Ilustração por

Sobre contos e pespontos

Entre um conto e outro, alguns pespontos. Preciso dos pespontos para manter o principal equilibrado e firme. Preciso todo o tempo... Aprendi a pespontar quando a minha mãe me ensinou a fazer flores. Não, não se aprende a pespontar quando se faz flores. Essas apenas me lembram a minha mãe que me ensinou a pespontar os arranjos que a vida nos dá.



domingo, 15 de fevereiro de 2015

Anjos pela Terra...



(fotografia: Suzana Guimarães - novembro de 2014)


Naqueles dias, não sei se é sempre, mas, naqueles dias, ela ficava iluminada por toda a noite.

​Você caminhava ao meu lado em absoluto silêncio. ​Éramos um mundo obscuro, iluminado somente quando todos os pássaros adormeciam. Caía neve e meus sonhos ao chão. Você os catava, mão a mão, juntava-os sem que eu soubesse... e foram três noites dentre mil tantas outras, naquela cidade, naquela ponte onde passei segurando meu coração, naquele templo sigiloso entre calçadas frias e escorregadias. Do alto, de onde eu o via, partindo antes que amanhecesse e todas as luzes se apagassem, eu o desenhei, guardei meus sonhos que você catou, jurei para sempre. Estendi meu braço, estendi minha mão, pedi que voltasse... Mas, anjo sem asa não voa para onde quer, percorre os caminhos dos homens e você se foi. 

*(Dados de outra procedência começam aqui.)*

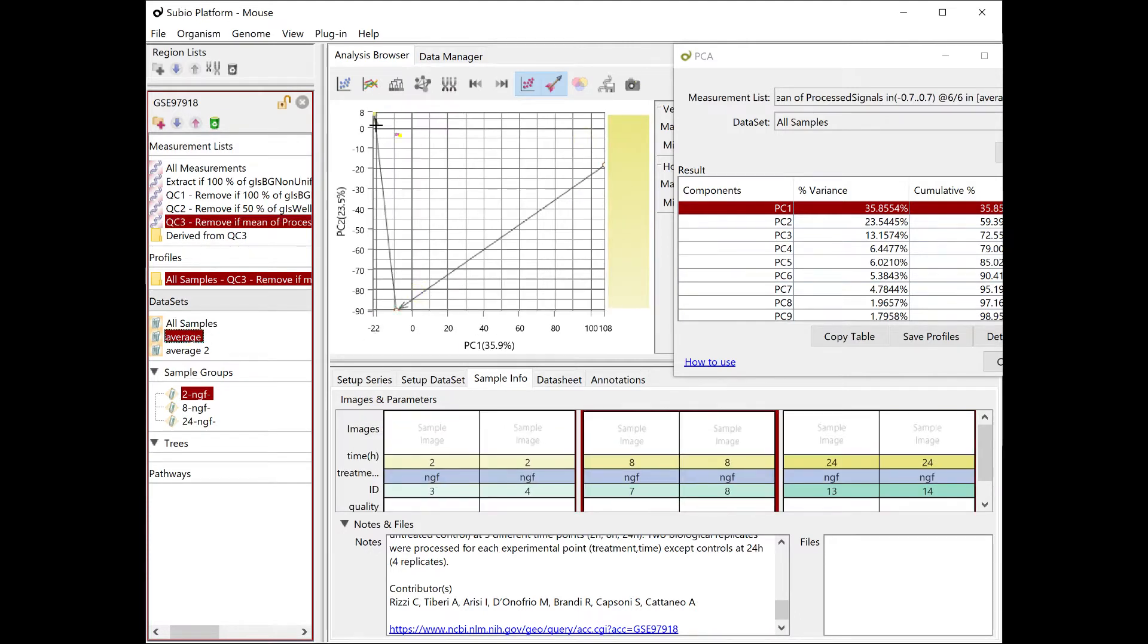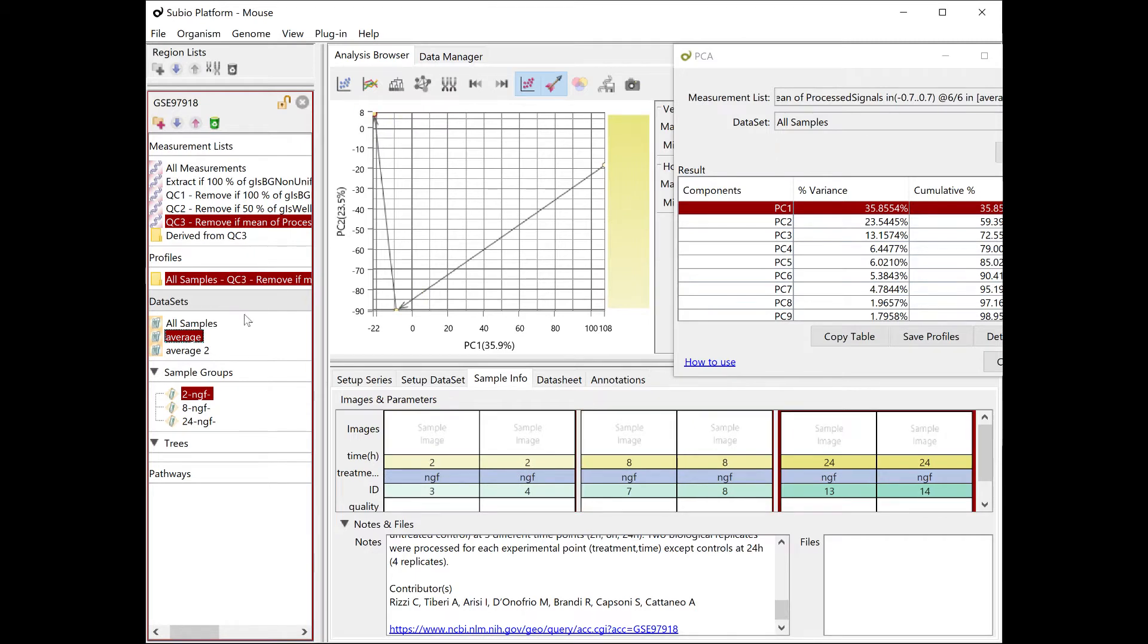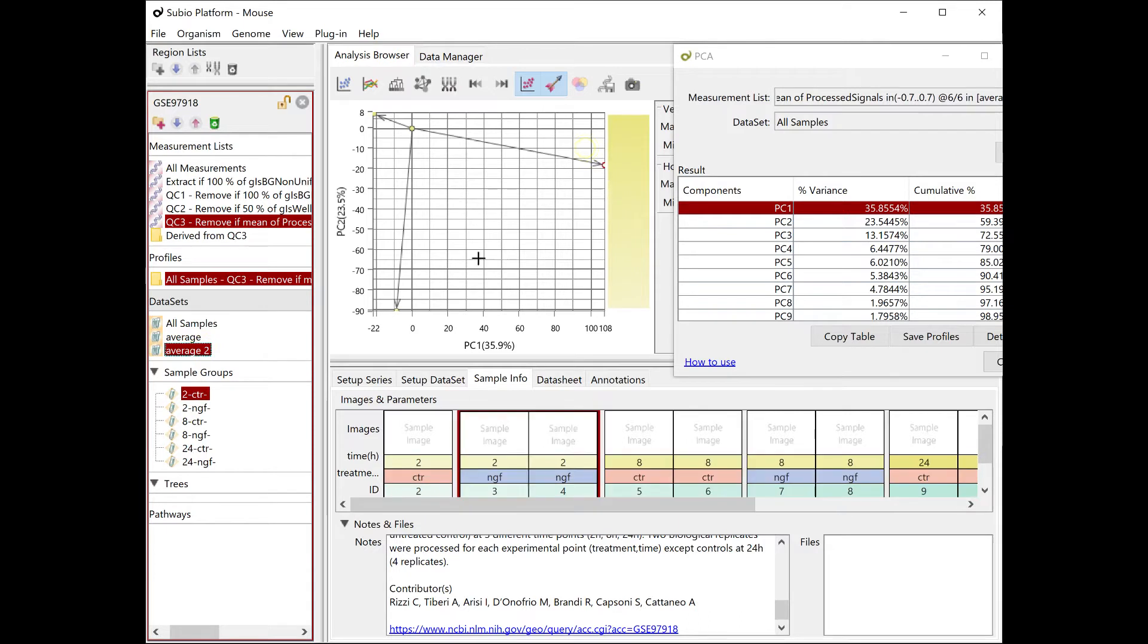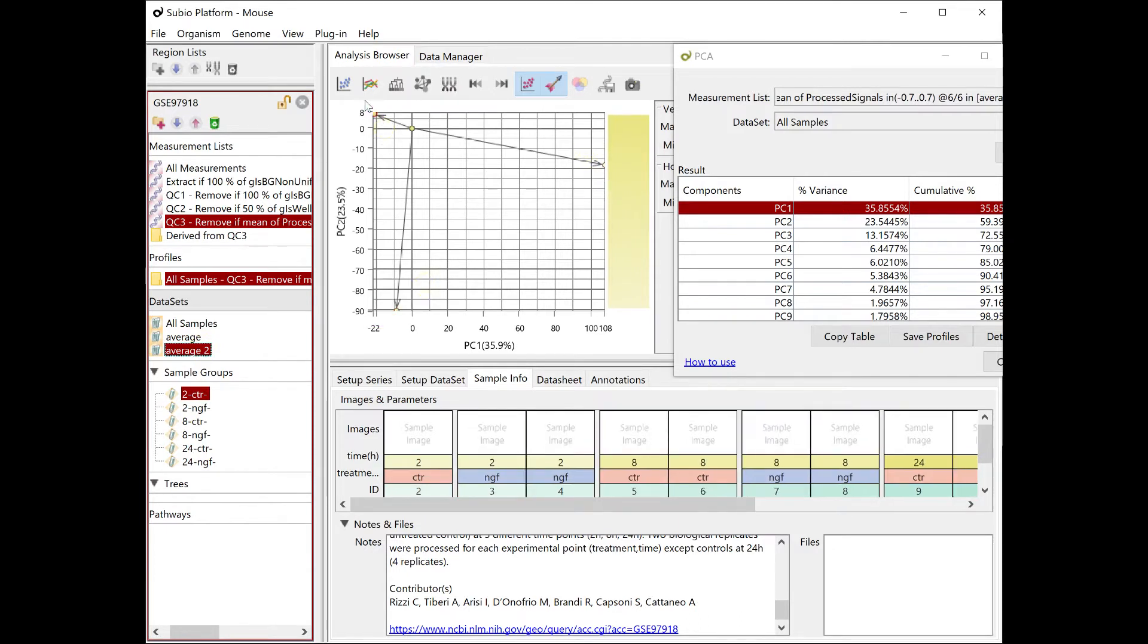If you select the average dataset, the chart visualizes the average expression profiles of two, eight, and twenty-four hours after NGF treatment.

Restou uma cidade que se acendia naquelas noites, meu perfume à sua espera e um molhado nos olhos parecendo teimosia. Restou silêncio absoluto e a certeza de que nunca mais contarei histórias, nem sonharei aqueles nossos sonhos, e nunca mais poderei acreditar... simplesmente porque tudo aquilo foi nosso e antes, entre um amanhecer e outro, a vida, bolha de ilusão, tocou meu rosto, escorreu pelas minhas pernas que ainda ardiam da pressão das suas, e a lembrança de seu cheiro - que só eu soube -, entre um olá e um mudo adeus, eu o perdi.